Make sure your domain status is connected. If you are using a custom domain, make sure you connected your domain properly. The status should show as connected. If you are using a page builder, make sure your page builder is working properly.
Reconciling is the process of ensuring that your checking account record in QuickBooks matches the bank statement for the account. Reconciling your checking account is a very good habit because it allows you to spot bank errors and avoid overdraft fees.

━━━━━━

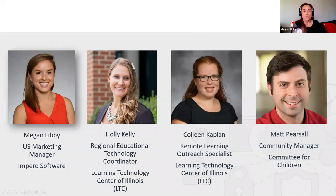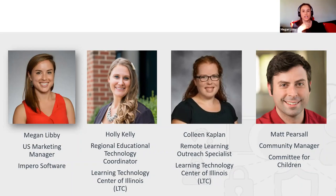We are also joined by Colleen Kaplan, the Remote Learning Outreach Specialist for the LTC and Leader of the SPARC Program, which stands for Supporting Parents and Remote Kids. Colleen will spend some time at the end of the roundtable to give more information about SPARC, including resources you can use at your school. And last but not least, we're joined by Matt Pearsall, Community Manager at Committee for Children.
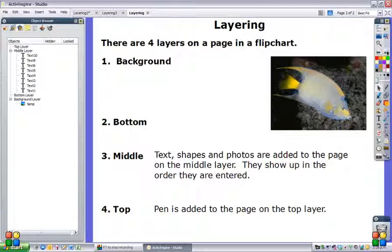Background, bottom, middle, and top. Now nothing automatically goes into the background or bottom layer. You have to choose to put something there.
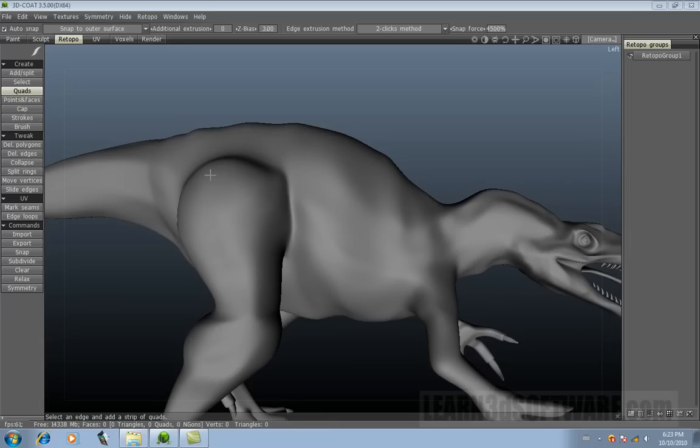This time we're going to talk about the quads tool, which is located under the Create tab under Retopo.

━━━━━━

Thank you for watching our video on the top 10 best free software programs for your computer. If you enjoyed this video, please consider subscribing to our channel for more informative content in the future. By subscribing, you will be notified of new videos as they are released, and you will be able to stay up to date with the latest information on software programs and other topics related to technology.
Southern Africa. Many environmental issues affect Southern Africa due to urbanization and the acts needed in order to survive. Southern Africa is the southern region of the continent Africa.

━━━━━━

### How to complete this task
The response should be the listing above, limited to the lines between the one holding "Make sure your domain" and the one holding "Reconciling is the", inclusive, reproduced exactly.

### Written solution
Make sure your domain status is connected. If you are using a custom domain, make sure you connected your domain properly. The status should show as connected. If you are using a page builder, make sure your page builder is working properly.
Reconciling is the process of ensuring that your checking account record in QuickBooks matches the bank statement for the account. Reconciling your checking account is a very good habit because it allows you to spot bank errors and avoid overdraft fees.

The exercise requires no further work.